(Information):

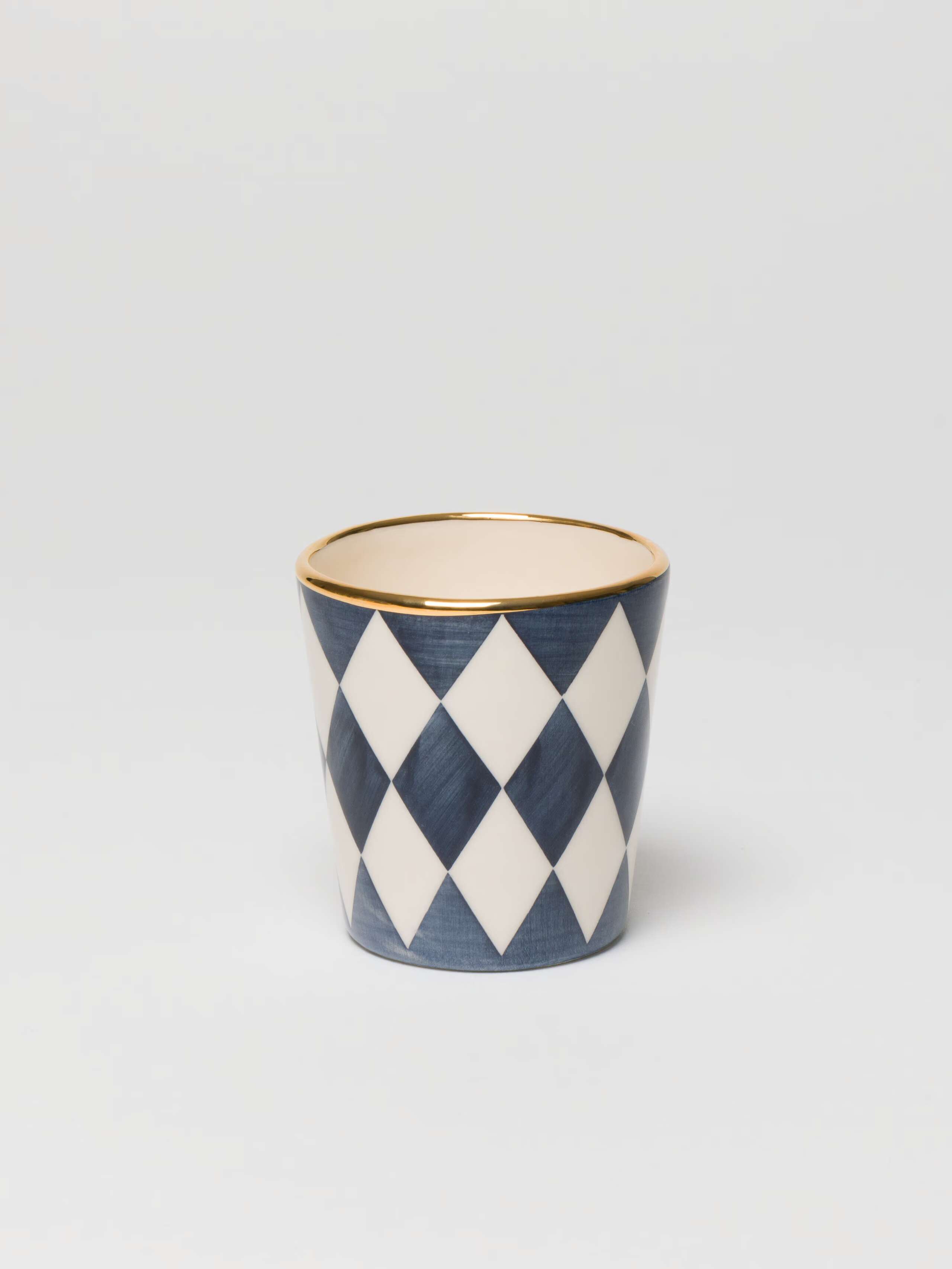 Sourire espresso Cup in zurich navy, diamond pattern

--

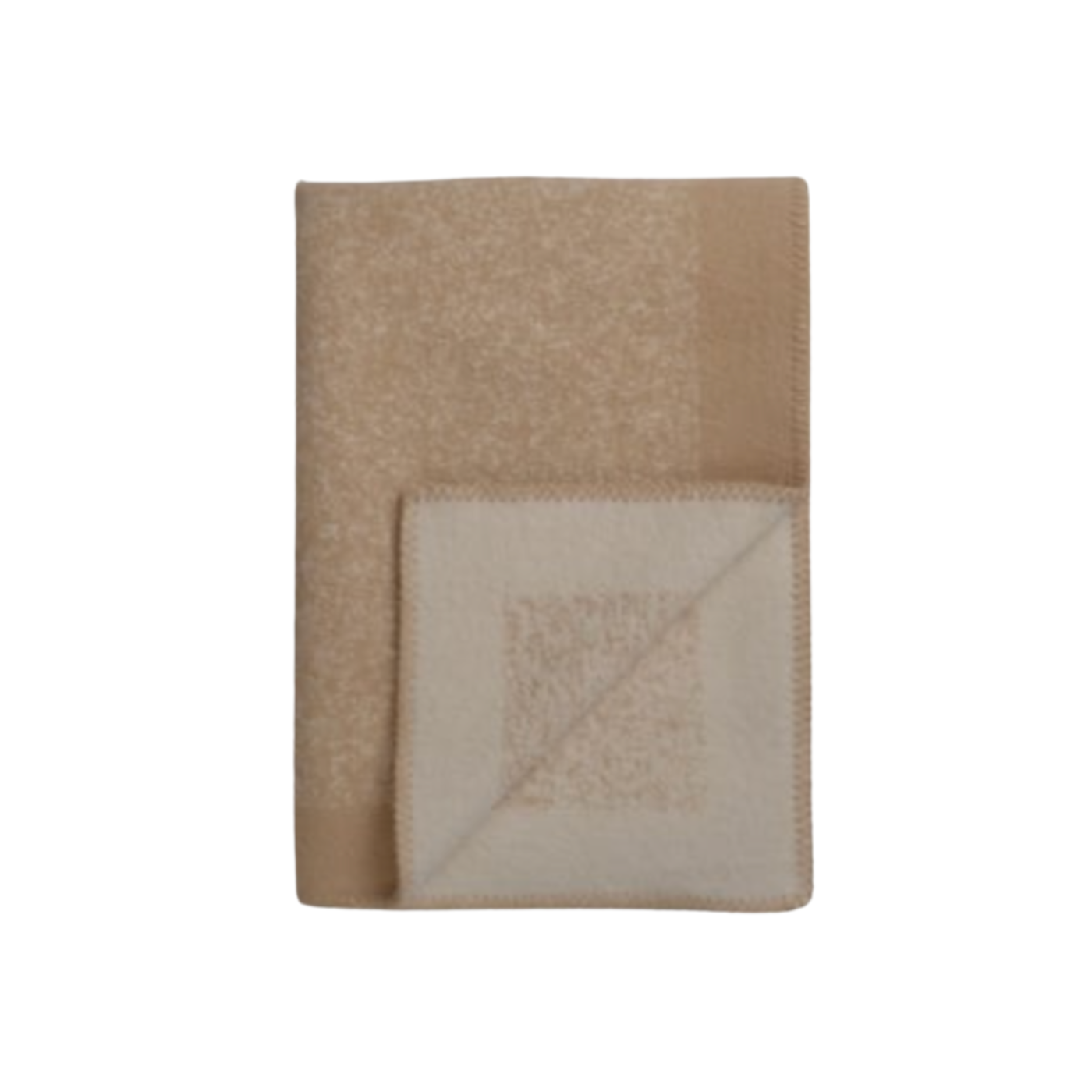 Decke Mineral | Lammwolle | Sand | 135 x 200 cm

...

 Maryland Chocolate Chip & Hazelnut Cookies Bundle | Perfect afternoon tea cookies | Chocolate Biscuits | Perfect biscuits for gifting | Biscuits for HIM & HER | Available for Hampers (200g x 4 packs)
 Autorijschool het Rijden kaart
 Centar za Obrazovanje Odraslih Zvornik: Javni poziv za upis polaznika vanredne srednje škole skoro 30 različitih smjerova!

(What is needed):
Produce only the lines from the line containing "Autorijschool het Rijden kaart" through the line containing "Centar za Obrazovanje", inclusive of both, exactly as they stand in the entries above.

(Task response):
 Autorijschool het Rijden kaart
 Centar za Obrazovanje Odraslih Zvornik: Javni poziv za upis polaznika vanredne srednje škole skoro 30 različitih smjerova!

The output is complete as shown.